5. Accepter la proposition de dialogue direct c’est comme accepter que les lois intérieures américaines s’imposent désormais en tant que règles générales dominant les négociations. Cela signifierait une acceptation de l’hégémonie de la partie d’en face, en échange de soi-disant concessions déterminées par les observatoires d’idées occidentaux. D’ailleurs, les décrets présidentiels de Joe Biden ont une garantie d’exécution d’au maximum deux ans ; tandis que les chances du parti démocrate américain de remporter les futures élections du Congrès sont minces.
Bref, se précipiter vers un dialogue direct avec Washington sur fond du statu quo des négociations de Vienne réduirait à un « PGAC politique » le débat au sujet des avantages économiques d’une levée des sanctions imposées illégitimement à l’Iran. La diplomatie iranienne est donc consciente du fait que la réponse aux problèmes économiques issus des sanctions devrait être finalement d’ordre économique. Il n’y aura aucun autre raccourci dialogué.
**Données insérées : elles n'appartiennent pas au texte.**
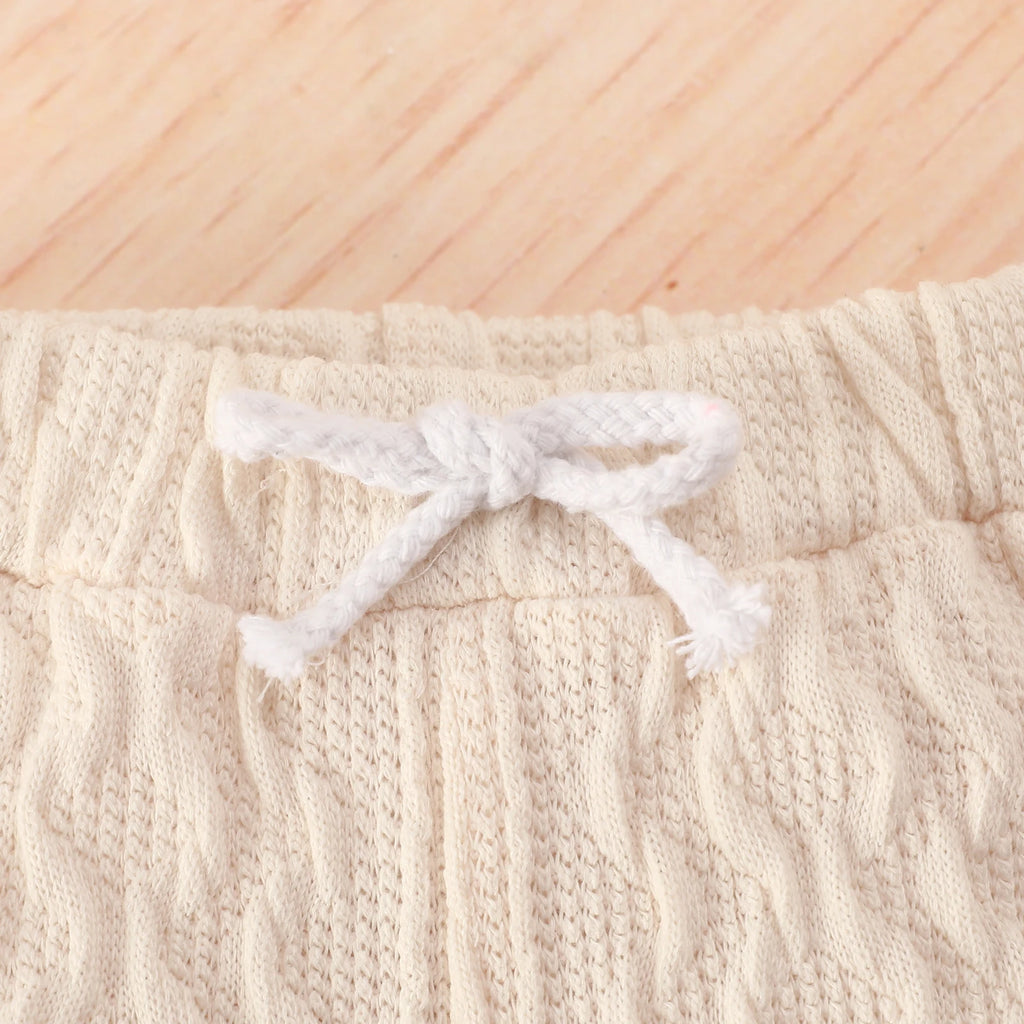 Citgeett Autumn Solid Infant Baby Girl Romper Tops Pants Suit Long Sleeve Button Sweater Knitting Casual Trousers Clothes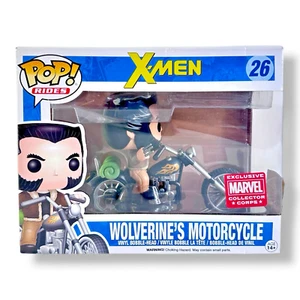 Funko Pop! Rides X-Men Wolverine's Motorcycle #26 SHELF WEAR Collector Exclusive - Picture 1 of 11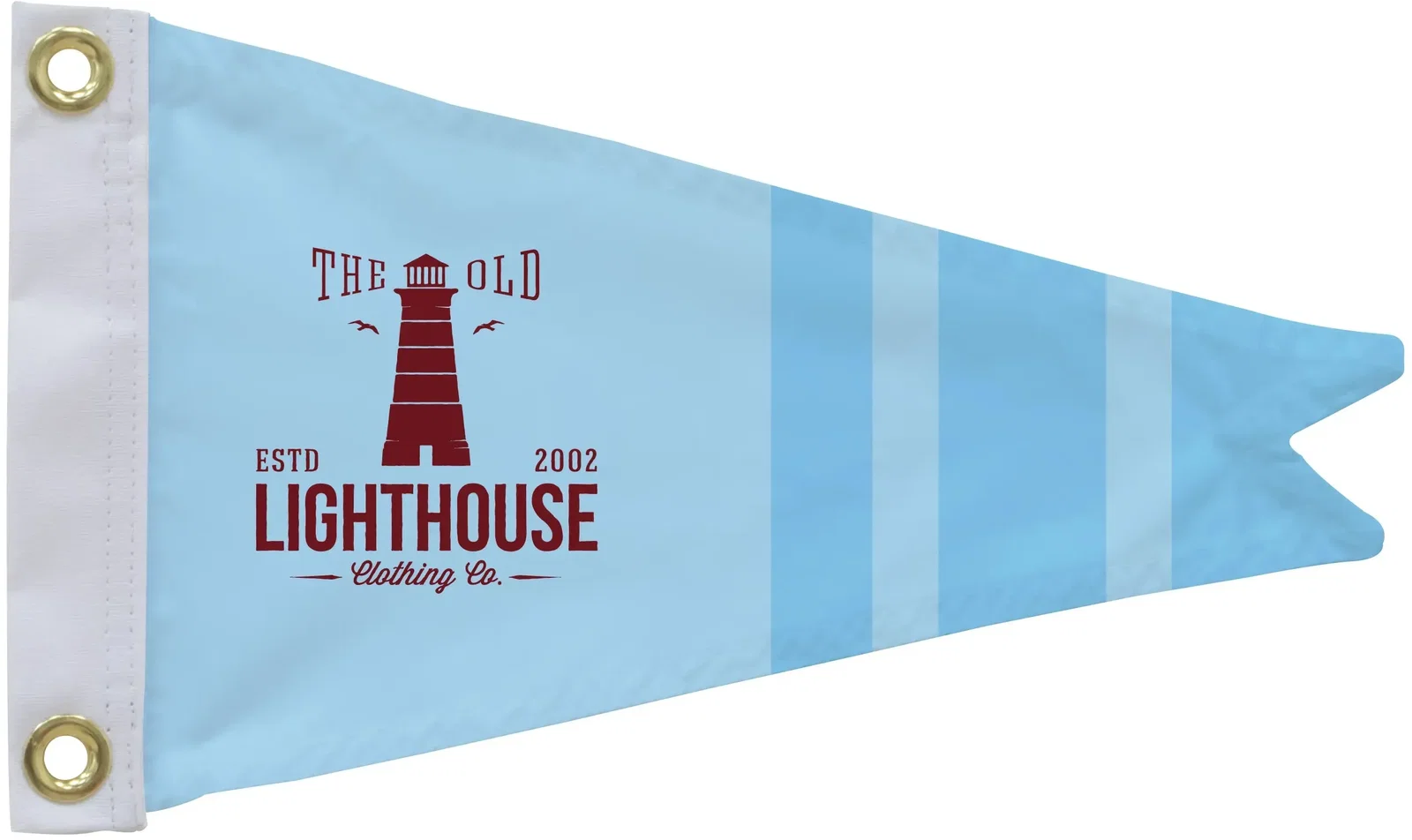 8" x 12" Polyester Burgee Flag Single-Sided — view 2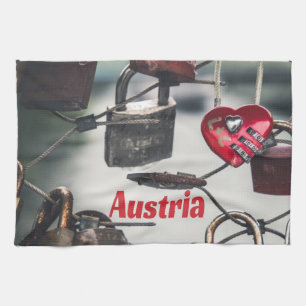 Paño De Cocina Puente de los Bloques de Amor de Austria Salzburgo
Et si les Américains cherchent un nouvel arrangement sécuritaire régional à traves les négociations, l’Iran à son tour saura imposer son jeu à l’adversaire. Autrement dit, le niveau des progrès nucléaires iraniens est de nos jours beaucoup plus développé qu’en 2015, l’année où l’accord de Vienne a été signé. Pour leur part, les États-Unis ne seraient pas bien placés pour marchander au sujet de la loi Caatsa [qui impose des sanctions aux pays qui achètent des armes aux entreprises russes], et la loi ISA [qui porte amendement à la loi sur les sanctions contre l’Iran datant de 1996].
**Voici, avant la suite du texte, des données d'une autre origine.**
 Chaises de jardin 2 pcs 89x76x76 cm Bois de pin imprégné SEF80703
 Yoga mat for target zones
En outre, la « débandade » des terroristes du CentCom de la région ne vaut pas le coup que l’Iran la considère comme une concession arrachée aux Américains à l’issue de négociations ; par contre, c’est les Américains qui doivent lever toutes les sanctions imposées à l’Iran, pour se rassurer que leurs soldats puissent avoir un retrait « en sécurité » de l’Asie de l’Ouest jusqu’à la dernière personne.
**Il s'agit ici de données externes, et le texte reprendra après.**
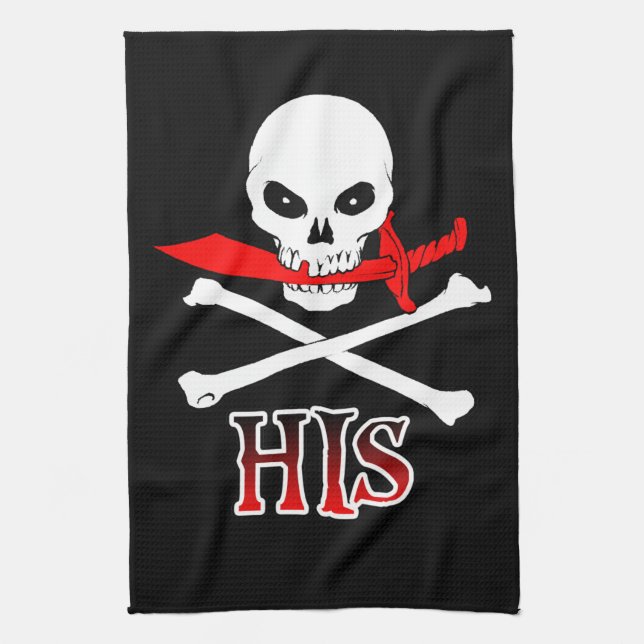 Pirate His Kitchen Towel (Vertical)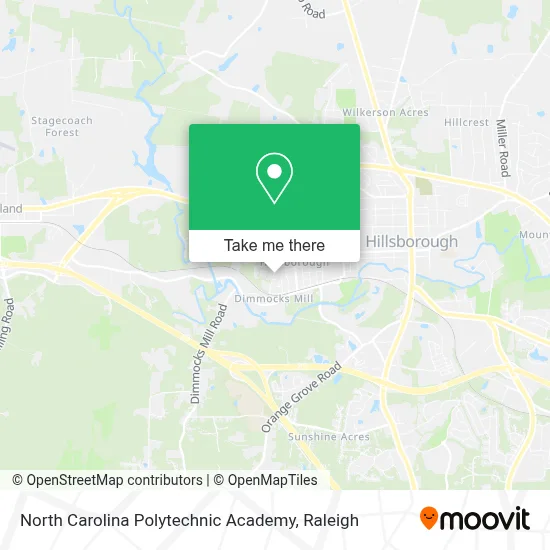 North Carolina Polytechnic Academy map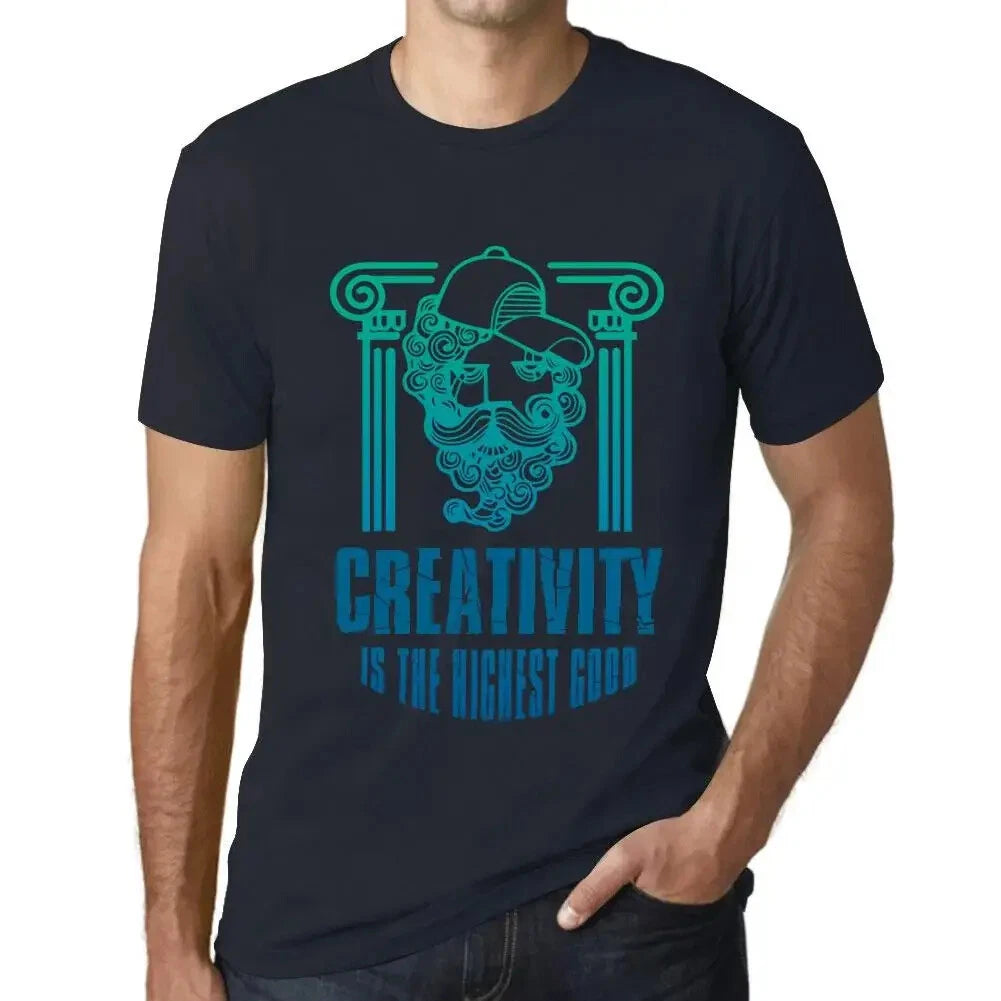 Heren Grafisch T-Shirt Creativiteit is het hoogste goed – Creativity Is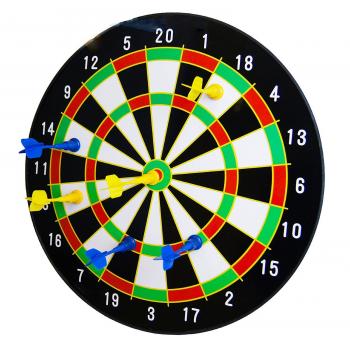 The Magic Toy Shop 16" Magnetic Dart Board Dartboard with 6 Darts ...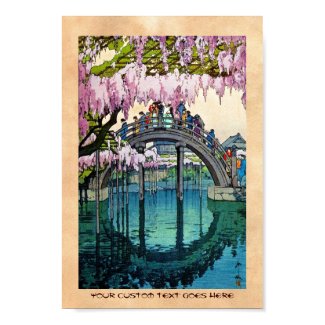 Cool oriental japanese Kameido Bridge Yoshida art Poster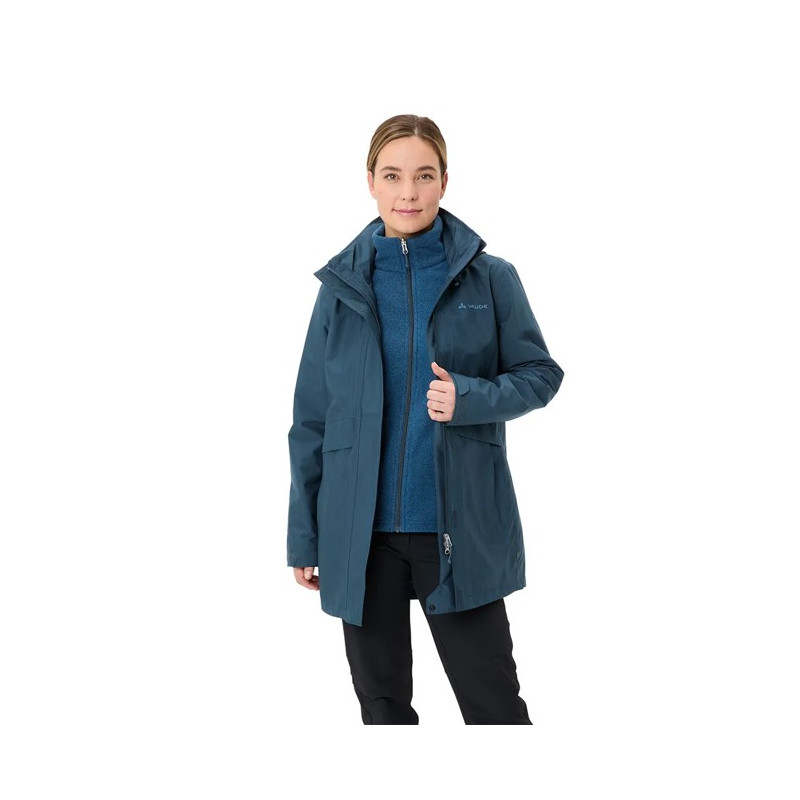 Anorakki Vaude IDRIS 3IN1 PARKA IV Dark Sea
Par ailleurs, l’autorité chancelante des alliés de Washington soucieux de trouver des partenaires pour l’OTAN dans la région du golfe Persique n’a rien à dire face à la puissance régionale de la RII. Au moment où la diplomatie iranienne est plus que jamais rassurée par les évolutions sur le terrain, une photo souvenir avec Joe Biden ne mériterait pas l’attention des Iraniens, au cas où les Américains auraient l’enfantine idée de la mettre sur la table de supposées négociations directes avec l’Iran.